Somehow, one imagined that, because of the familiarity of its droll March movement, the little six-movement suite Prokofiev made from his opera Love for Three Oranges must be a staple of the repertoire. But as it turns out, according to the performance history in the program, Thursday’s performance was the first by the BSO of the entire suite since Serge Koussevitzky conducted the U.S. premiere in 1926.
Tackling an unfamiliar score together, conductor and orchestra seemed to collaborate more successfully here than later in the Strauss, producing a suitably brittle, energetic, and lucid portrait of the composer as a young modernist.
Although Prokofiev, composing the opera on a commission from Chicago, claimed to have toned down his ear-splitting, age-of-steel style for the American audience, Thursday’s mostly fast-and-furious performance was not lacking in hissing and thumping percussion, screeching strings, and piercing piccolo.
The exception was the fifth movement, “The Prince and the Princess,” a gauzy, Debussy-like love scene that blossomed into more passionate music à la Romeo and Juliet, topped off by Richard Svoboda’s creamy, nostalgic bassoon solo.
Cello concertos are often vehicles for warm sentiments (think Dvořák or Elgar), but the first concerto Shostakovich wrote for his close friend Mstislav Rostropovich was predominantly dry and ironic in tone, as befitted two Soviet artists functioning in a world of repression and concealment.
Accordingly, the usually demonstrative Ma wore his poker face for much of the performance, coolly barking out the concerto’s staccato main theme, leaving it to the listener to guess whether the underlying emotion was humor, anger, or something else.
Of course, irony is itself a form of expression.

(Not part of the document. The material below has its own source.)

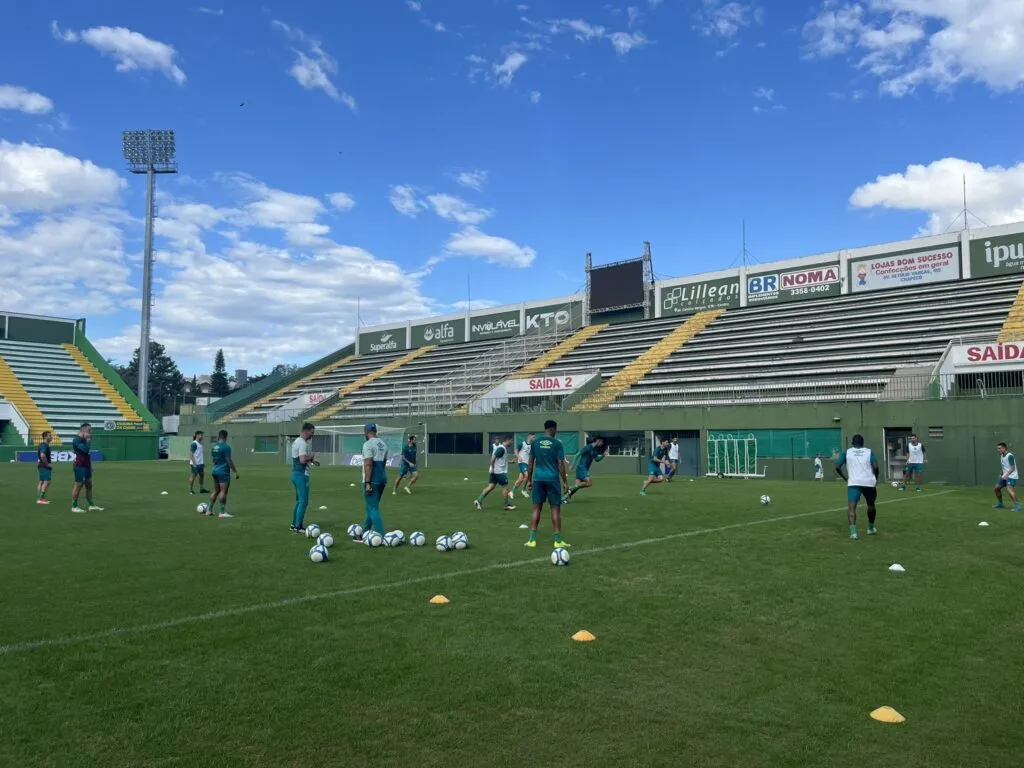 Chapecoense x América-MG: assista ao vivo ao jogo de hoje (04/05)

If there was any doubt of that, one had only to contrast Ma’s nervous, biting phrases with the orchestra’s comparatively bland responses—an early indication that the other players were beginning to sit back for the night.
It’s hard for a horn to play as incisively as a stringed instrument, but Richard Sebring did his best to live up to his program billing as a featured soloist, energetically trading phrases with Ma for large portions of the first movement.
The emotional shoe was on the other foot at the opening of the second movement, with the orchestral strings amply producing the indicated “espressivo” and Ma responding with utmost simplicity and restraint. The Russian-inflected second theme, however, brought out at last the kind of intense, overtly expressive playing that the cellist’s fans came to hear.
The arc of simplicity to deep expression was even higher and broader in the vast solo cadenza, the level of emotion building steadily even as Ma took all the time he wanted, turning over each phrase and letting the pauses reverberate.
Finally the cadenza picked up speed, the finale got under way, and Ma delighted the audience again by getting physical with the crackling Allegro con moto. Bending tightly over his 1733 Montagana, he had the priceless instrument pinned in something like a wrestling hold by the furious final pages.
It was Ma as cello hero, and it proved to be a hard act to follow, even by a piece about “a hero’s life.”
The program will be repeated 1:30 p.m. Friday and 8 p.m. Saturday and Tuesday. bso.org; 617-266-1200.